C-390/16 Lada

Contentverzamelaar

C-390/16 Lada

Prejudiciële hofzaak

Zie bijlage rechts voor de verwijzingsuitspraak en klik hier voor het volledige dossier van het Hof van Justitie.

Termijnen: Motivering departement:   05 december 2016
Concept schriftelijke opmerkingen:       21 december 2016
Schriftelijke opmerkingen:                   21 januari 2017

Trefwoorden: strafrecht; Handvest grondrechten; Schengen Uitvoeringsovereenkomst (ne bis in idem);
Onderwerp: - Handvest grondrechten artikel 50 en SUO artikel 54 (ne bis in idem);
- VWEU artikel 67 (ruimte voor vrijheid, veiligheid en recht); artikel 82 (justitiële samenwerking in strafzaken);
- kaderbesluit 2008/675/JBZ van de Raad van 24 juli 2008 betreffende de wijze waarop bij een nieuwe strafrechtelijke procedure rekening wordt gehouden met veroordelingen in andere lidstaten van de Europese Unie

Deze zaak heeft enige tijd op de plank gelegen omdat het HvJEU aan de verwijzende rechter de vraag heeft voorgelegd of hij zijn vragen na het arrest in de zaak C-25/15 Balogh wenste te handhaven.

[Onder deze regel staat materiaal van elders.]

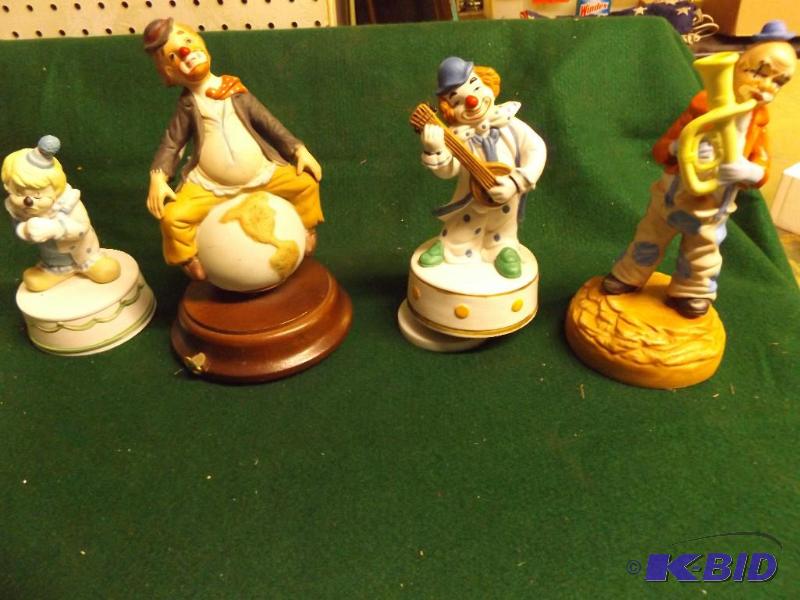 lot 162 image: Clown Music Boxes...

In een addendum bij de prejudiciële verwijzing zet de verwijzende rechter uiteen dat dit inderdaad het geval is omdat dit arrest in HON niet heeft geleid tot een uniforme rechterlijke praktijk. Voor onderzoek of de HON procedure verenigbaar is met EUrecht moeten veel ruimere kwesties worden onderzocht dan in Balogh aan de orde kwam. Hij wijst daarbij met name naar zijn vraag (2) over het ‘ne bis in idem’-beginsel.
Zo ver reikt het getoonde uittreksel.